Pieter W. Claeys

pwclaeys@gmail.com

News

Seminar at BAQIS

25 June 2021

On Thursday July 1st I'll be giving a seminar on Thermalization and scrambling in dual-unitary circuit models at the Beijing Academy of Quantum Information Sciences (BAQIS). Feel free to join, all information can be found below!

Interacting Topological Matter: Atomic, Molecular and Optical Systems

05 June 2021

On Monday June 7th I'll be presenting various results on Floquet-engineering counterdiabatic protocols at the KITP program on Interacting Topological Matter: Atomic, Molecular and Optical Systems. I'll be in good company — check out the full program, focusing on Floquet systems, here. A recording of the talk will also appear online afterwards.
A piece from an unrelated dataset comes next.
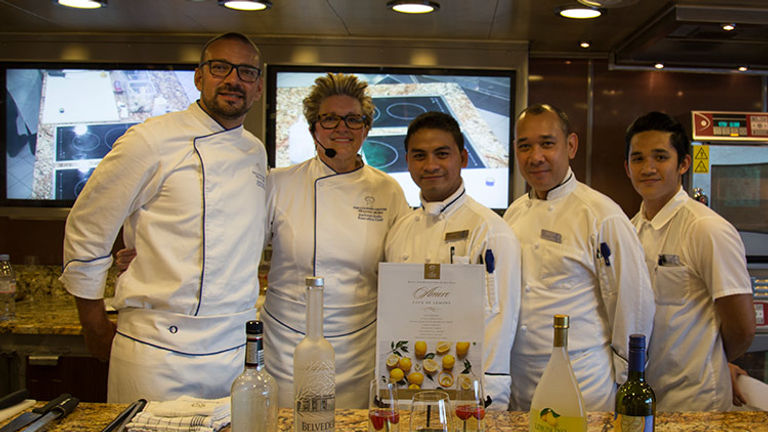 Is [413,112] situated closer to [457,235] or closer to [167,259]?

Correlations and commuting transfer matrices in integrable unitary circuits

02 June 2021

Our paper on Correlations and commuting transfer matrices in integrable unitary circuits just appeared on the arXiv! We continue our study of unitary circuits, this time focusing on the calculation of correlations functions in circuits constructed out of R-matrices from integrability. We construct a transfer matrix approach, and show how the integrability leads to a family of commmuting transfer matrices with a rich underlying structure. Joint work with Austen Lamacraft and Jonah Herzog-Arbeitman.

We consider a unitary circuit where the underlying gates are chosen to be R-matrices satisfying the Yang-Baxter equation and correlation functions can be expressed through a transfer matrix formalism. These transfer matrices are no longer Hermitian and differ from the ones guaranteeing local conservation laws, but remain mutually commuting at different values of the spectral parameter defining the circuit. Exact eigenstates can still be constructed as a Bethe ansatz, but while these transfer matrices are diagonalizable in the inhomogeneous case, the homogeneous limit corresponds to an exceptional point where multiple eigenstates coalesce and Jordan blocks appear. Remarkably, the complete set of (generalized) eigenstates is only obtained when taking into account a combinatorial number of nontrivial vacuum states. In all cases, the Bethe equations reduce to those of the integrable spin-1 chain and exhibit a global SU(2) symmetry, significantly reducing the total number of eigenstates required in the calculation of correlation functions. A similar construction is shown to hold for the calculation of out-of-time-order correlations.